Buildings Insurance – What’s It Good For?

Buildings insurance – it’s not legally mandatory, but many homeowners should take it out. It differs from contents insurance in that it covers the actual building – usually from things like fire, flood and other forms of damage. Despite not being a legal requirement, many mortgage providers will require you to take out a policy.
man holding house

As we’ve stated before, home insurance usually comes in two forms: contents and buildings insurance. These types of cover are actually very different, but they do affect something very important: your household.

Buildings insurance – Just what is it?

Buildings insurance is a policy that focuses on protect damage done to your house’s structure. This includes windows, walls, floors and the roof. Fixtures and fittings that experience damage are also covered by buildings insurance. For example, if you’ve got a fitted bathroom/kitchen then your policy will likely pay for any repairs that need to be done due to damage.

The specifics – What buildings insurance covers

Essentially, your buildings insurance covers the cost of repairing (or even rebuilding) your home, should it be damaged.
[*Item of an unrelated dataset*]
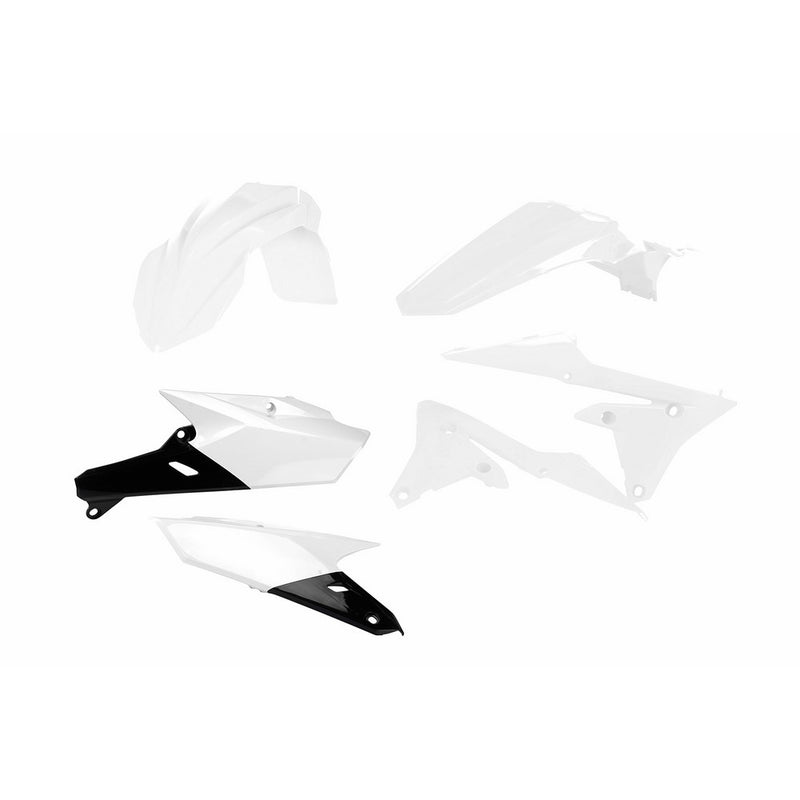 Acerbis 2374184586 White Plastic Kit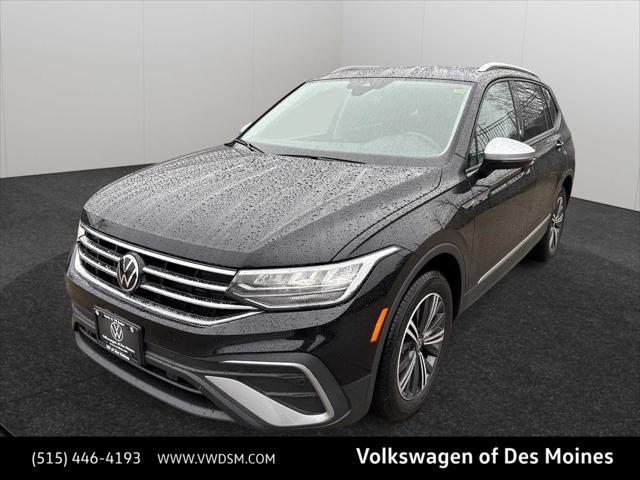 new 2024 Volkswagen Tiguan car, priced at $35,698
The specifics vary from one policy to the next. So, as a homeowner it is important to know exactly what sort of cover you want to get. In general, though, homeowners can claim the following:

  • Vandalism done to the house
  • Subsidence
  • Trees falling on your property
  • Explosions, fire, smoke
  • Collisions with lorries and cars
  • Water damage (from leaking pipes)
  • Oil, if it leaks from the heating system.
  • Damage from natural disasters (floods, storms)

Your buildings insurance policy may cover other structures around the home. These include things like outhouses, sheds, granny flats and outside walls.

So, what isn’t covered?

You cannot get cover for the general wear and tear that occurs. Again, exclusions can vary depending on the policy. Some example of exclusions include:

  • Frost (the exception being if it comes from a burst pipe)
  • Pests (birds, insects)
  • Leaking gutters

If your property is left empty for more than 30 or 60 days, you usually cannot claim from your buildings insurance policy.
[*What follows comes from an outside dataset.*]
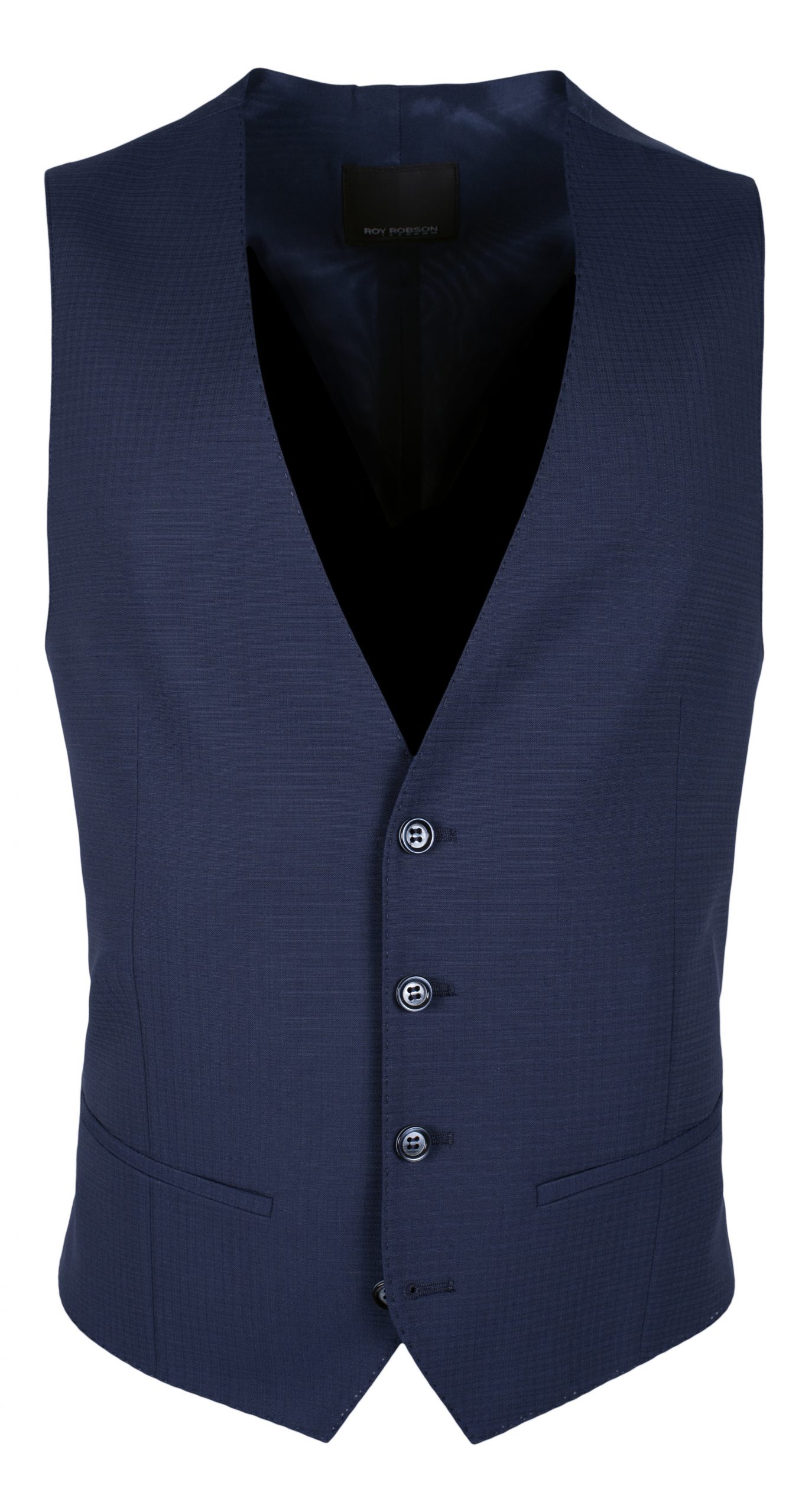 Men's Slim Fit - Navy Tux Waistcoat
NOTE: You can arrange cover with your provider if you let them know beforehand.

Who needs buildings insurance?

Anyone who either owns their own home or lets out a property should take out buildings cover policy. If you have a mortgage (which most homeowners do), its highly likely that your bank will make this a condition of the loan. Tenants don’t need to take out buildings insurance – this is the responsibility of the landlord (although in this case, specific cover known as landlord insurance exists).

Tenants renting a property from someone can cover themselves in a different way, however. There is a specific type of cover known as tenants’ insurance.
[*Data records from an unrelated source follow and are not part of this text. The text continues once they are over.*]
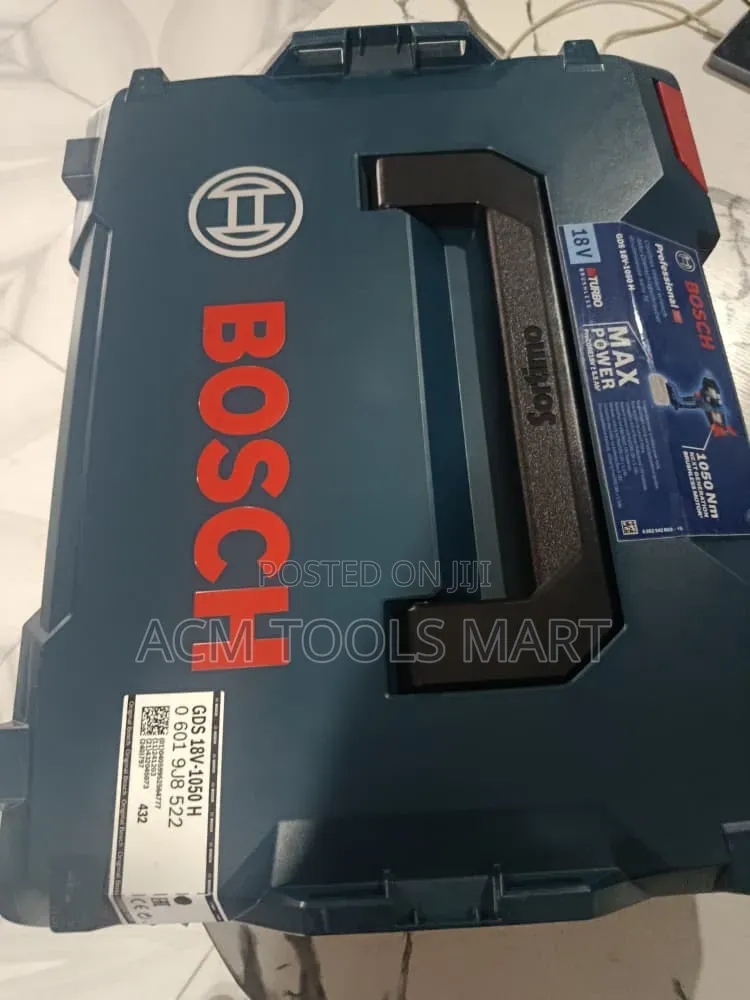 Bosch GDS 18v-1050 H Professional 3/4" Cordless Impact Wrench – 18v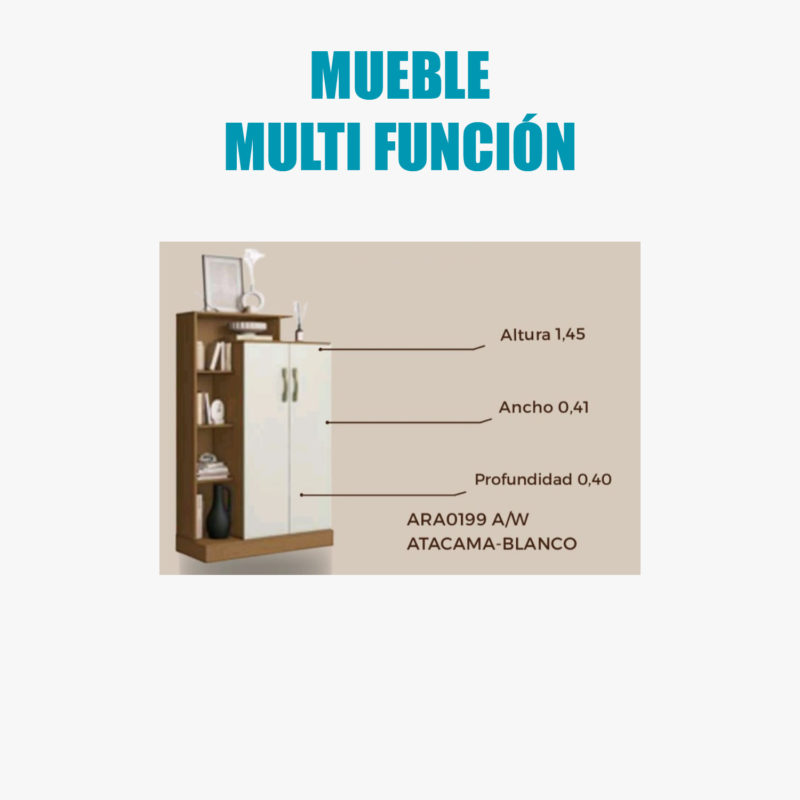 Mueble multi funcion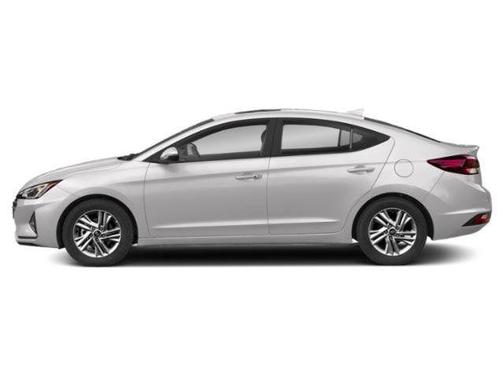 Quartz White Pearl 2020 Hyundai ELANTRA Value Edition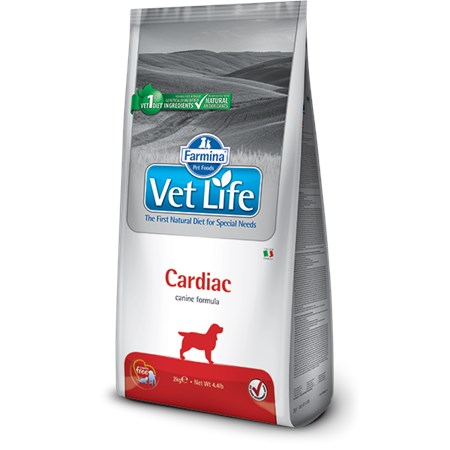 farmina vet life cardiac 2 kg per cani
Buildings Insurance and Leasehold Flats

Those who own a leasehold flat may not need buildings insurance – there may already be a policy in place from landlord of the freehold. If you do have questions, make sure to ask a solicitor. Buildings cover may have to be arranged if you have organized to buy a share of the freehold from the landlord. While this is possible individually, it is often cheaper when you take out a block policy.